Mae nodded. “Everything’s long out here. Probably take a couple of hours to drive.” She regarded
Lee curiously, “You ever get out there when you were visiting us?”
“You kept me too busy working, Mae,” Lee said, smiling. Then he explained to his friends, “When I turned fourteen, my dad sent me to the ranch to learn a few things. Like how to ride and rope and work cattle.”
“Things every Parker should know,” Mae agreed.
“I liked it, so I came back for a few years. Even worked on a couple of roundups.”
“Fall roundup’s coming soon. You’re welcome to work that one, too, if you want. Rafe’d be glad for the help.”
“Who’s Rafe?” Manny asked.
“Another cousin,” Lee said. “He manages the ranch, now that—” He stopped, unsure if even after all these years the transference of management was still a sore point with Mae.
“And does a damn fine job of it, too!” Mae said robustly. “Better’n me.”
“They’ll meet him later...right, Mae?” Lee asked.
“They’ll meet everyone,” she replied. “They’re all coming to dinner.”
Lee caught the quick glance Diane exchanged with Manny and had to smother a grin. By the end of the night they’d’ve had their fill of being in the same house with so many strong-willed Parkers.
“You can use the phone in my office,” Mae said, standing up. “You know the way. I’ll tell Marie to get us all something cold to drink. Then you can take your friends to their room. They might like to freshen up. You, too, of course. In the meantime,” she said to the newcomers, “make yourselves comfortable. I’ll be back shortly.”
Typically, Mae had handed everyone their assignments and expected them to be carried out.
Lee used the phone on the credenza behind Mae’s rosewood desk and was just hanging up from making his excuses to John Danson in Twilight, when Mae entered the room.
She needed no preamble to get to the point. “I’ve seen this show you’re involved in. A neighbor made a tape and sent it over. We don’t get public television channels out here unless we have one of those fancy satellite dishes, which we don’t. So I hadn’t seen it until last night.” Her dark eyes, holding his, narrowed. “I didn’t know what to expect. I knew you’d won some awards with it, but—” she took a breath “—I wasn’t prepared to be so proud of you. You did a really fine job with those people trying to get back on their feet after being flooded out of their houses last year. Showed the good and the bad, and that even in terrible times, people can still find things to laugh about I liked it.”

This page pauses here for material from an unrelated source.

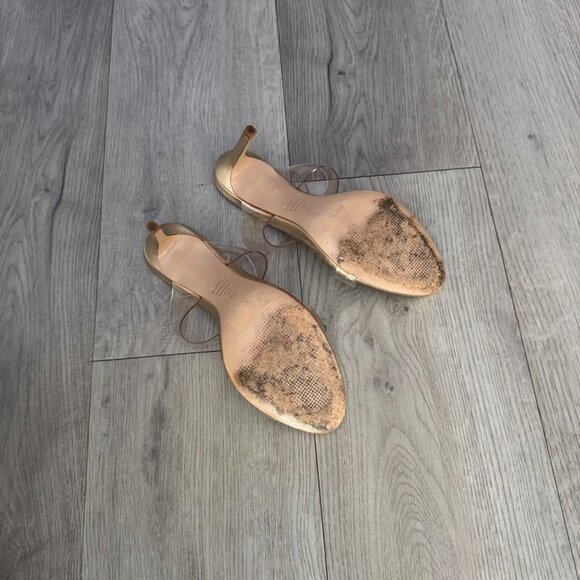 Clear and gold heels - Picture 3 of 3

Lee had never received a compliment from Mae. She’d approved of his seemingly inborn ability to handle a horse and a rope and the fact that he’d held his ground in tight situations with an ornery cow. But she’d never gone so far as to actually tell him he’d done well. He was surprised by how good it made him feel. He smiled broadly. “Thank you, Mae. But it wasn’t just me. Diane and Manny—”
“I like them, too.”
“Not all of our shows are so serious,” he cautioned.
“I know. I saw the one about the ostrich farmer. It was silly, but the youngsters enjoyed it. They learned
something, too.” She paused, then said, “That brother of yours. What’s he up to now?”
“He’s a lawyer with a big firm in Dallas.”
“No, I mean what’s he really up to? I know what he does for a living.”
“He’s working on marriage number four.”
Mae shook her head in disgust. “Your momma spoiled him. She tried to spoil you, too, but your daddy sent you out here. We took out of you in about five minutes.”
Lee grinned. “So that’s what you were doing. I thought I was going through boot camp for cowboys!”
“Cowboys don’t go to boot camp!”
“I know that...now.”
Mae smiled in spite of herself, and as they returned to the living room, she allowed Lee to place his arm around her shoulders.
“The Parker charm,” Mae said as she resumed her seat. “You have it in spades. Like you have the look, except for those pale eyes.”
All Lee’s life his eyes had set him apart from his dark-haired, dark-eyed father, brother and cousins. His mother had mentioned something about having a great-grandfather from Denmark, but he’d never met the man.
“Never you mind,” Mae murmured, as if offering comfort for an ongoing disappointment. “They look good on TV.”
Which tickled Lee so much he couldn’t help laughing. And without fully knowing why, the others joined in.